Fliehganzleis
Warum hatte Larissa ausgerechnet mir gesagt, ich solle Katjas Mörder finden? Warum ihrer Ghostwriterin, nicht der Polizei? Traute sie denen nicht? Oder war sie der Meinung, nur mir die passenden Informationen mitgegeben zu haben, sodass ich Erfolg haben würde?

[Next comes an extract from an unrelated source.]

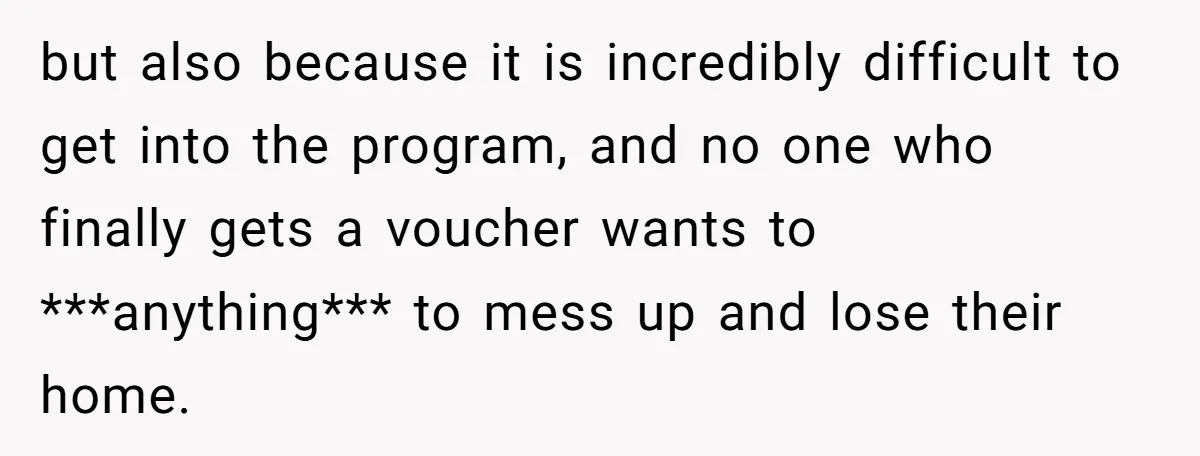 but also because it is incredibly difficult to get into the program, and no one who finally gets a voucher wants to ***anything*** to mess up and lose their home.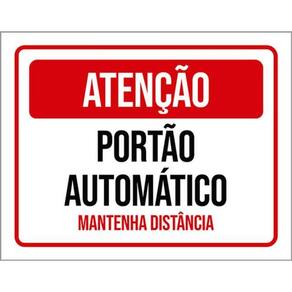 Kit 3 Placas Sinalização - Mantenha Distância Portão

»Was soll ich tun?«, murmelte ich. Meine Frage richtete sich an die Nacht, die über uns wachte. Mein Herz schlug heftig. Wieder zog die Panik herbei. »Wie soll ich den Mörder dieser Katja finden?«
»Martha Gelbach ist an der Sache dran. Ihre Leute fahnden nach einer Katja im Umkreis der Familie.«
»Das wird schwierig, wenn sie nicht zur Familie gehört. Gehörte. Sie muss ja wohl tot sein, wenn ich ihren Mörder finden soll.«
»Frau Gelbach nimmt natürlich an, und das würde ich an ihrer Stelle auch tun, dass Katjas Mörder auch Larissas Angreifer ist oder mit diesem in Kontakt steht. Es ist eine wichtige Spur. Die einzige im Augenblick.«
»Warum sagte Larissa dann nicht: › XY war es‹, sondern: ›Finden Sie Katjas Mörder‹?«
»In Larissas Zustand sollte man ihre Wortwahl nicht auf die Goldwaage legen.«
Er hatte recht. Und wieder nicht. Wer zwischen Leben und Tod schwebte, konnte seine wenige Energie nicht aufreiben, um elegante Formulierungen zustande zu kriegen. Andererseits wurde ein Mensch im Korridor zum Nirwana bisweilen von Kräften gelenkt, die auch das eigene Sprachvermögen bestimmten. Insofern traute ich Larissa zu, dass sie ihre Worte ganz bewusst gewählt hatte. Aber ich wollte nicht streiten. Ich wollte gar nichts. Ich wollte mit Nero ins Bett. Die Kerzen ausbrennen lassen, den Wein leertrinken. Mich an ihn schmiegen und einschlafen. Später, verstand sich.
19
»Eines möchte ich klarstellen«, sagte Milena Rothenstayn am Samstagmorgen und warf energisch das dicke, in einen akkuraten Pagenschnitt gezwungene blonde Haar zurück. »Wenn meine Cousine nicht überlebt, dann schreiben Sie in meinem Auftrag weiter.«
Wir saßen im Speiseraum und frühstückten. Draußen kroch unerwartet Nebel um das Schloss. Nero hatte in seiner praktischen Art für frische Brötchen und einen Vorrat an Wurst und Käse gesorgt.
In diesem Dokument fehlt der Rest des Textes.